Allow me to give some background information for my question. On another forum, a skeptic argued that Ezekiel made a false prophecy about Tyre and Egypt. Ezekiel prophesied that Tyre and Egypt would fall to the Babylonians, that did not happen, and so Ezekiel was technically a false prophet according to Deuteronomy 18:22 (or so the skeptic argued).

I thought about this issue some more when I was doing my daily reading and meditation on the Book of Jeremiah. In Jeremiah 43 and 46, Jeremiah predicts that Babylon under Nebuchadrezzar will conquer Egypt. My HarperCollins Study Bible, my Jewish Study Bible, and my Anchor Bible Dictionary all tell me that this did not happen, for Nebuchadrezzar failed in his attempt at conquest. On what do they base this claim? They do not say. But I did a search on the Internet (not that I rely on the Internet alone for my scholarly endeavors), and I found the claim that the Babylonians did not record that they successfully invaded Egypt. For many scholars, such an omission would indicate that they most likely did not, since conquerors in the ancient world tended to boast about their accomplishments.

But here is the interesting part: Josephus says that Nebuchadrezzar did succeed in his endeavor (Antiquities 10:182, 195). One may argue that Josephus was basing his account on the biblical prediction, but, in Against Apion 1:132-133, he says that Berosus presents Nebuchadrezzar as a conqueror of Egypt. According to Josephus, Berosus was a Chaldean who followed the ancient records of his nation in composing a history of Babylonia.

But the plot thickens: I can envision someone saying that neither Josephus nor Berosus can be trusted, since they lived long after the time of Nebuchadrezzar (at least that was a possible objection that entered my mind).
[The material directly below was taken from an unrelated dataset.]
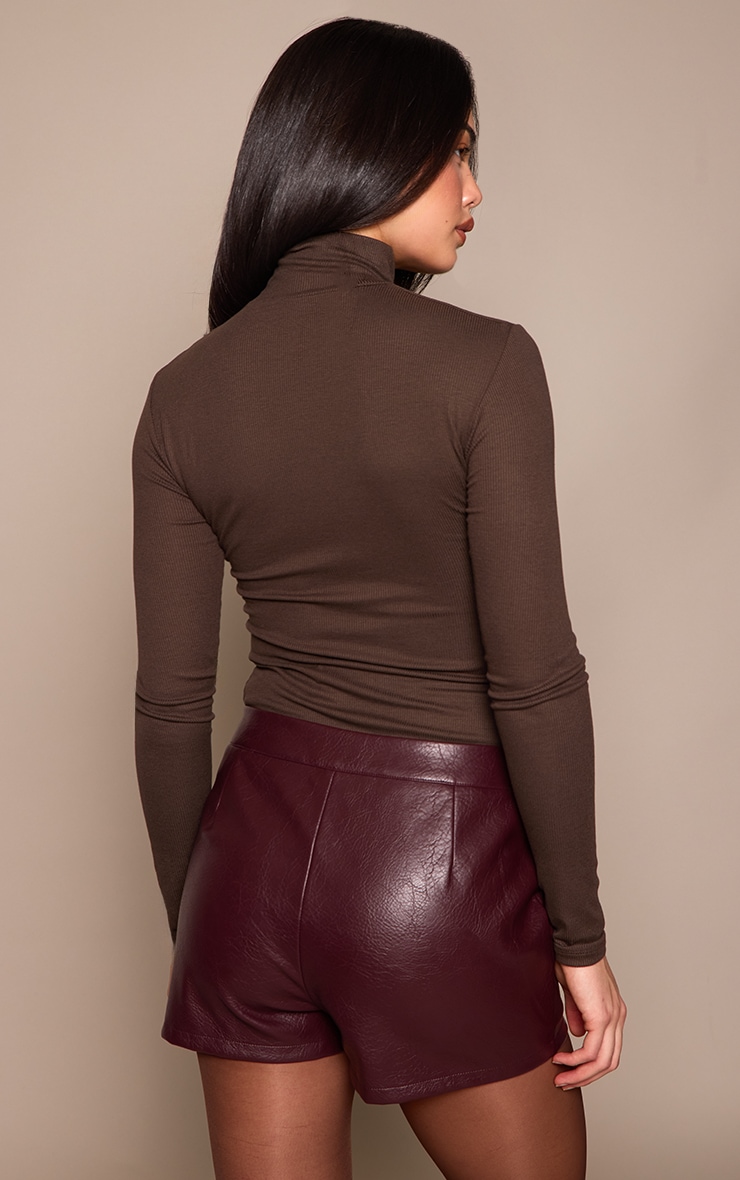 Wine Faux Leather Textured Hot Pants image 3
But, in an article on “Edom” in the Anchor Bible Dictionary, scholar J.R. Bartlett uses Josephus (along with other sources) to draw conclusions about the relationship between Babylon and Edom in the sixth century B.C.E. (ABD, volume 2, p. 293). Josephus lived long after that time, and yet at least one biblical scholar seems to think that his works can be helpful for biblical studies (at least on this occasion).

I have not done research to see how many biblical scholars use Josephus, but my question is: Is it acceptable? Why or why not?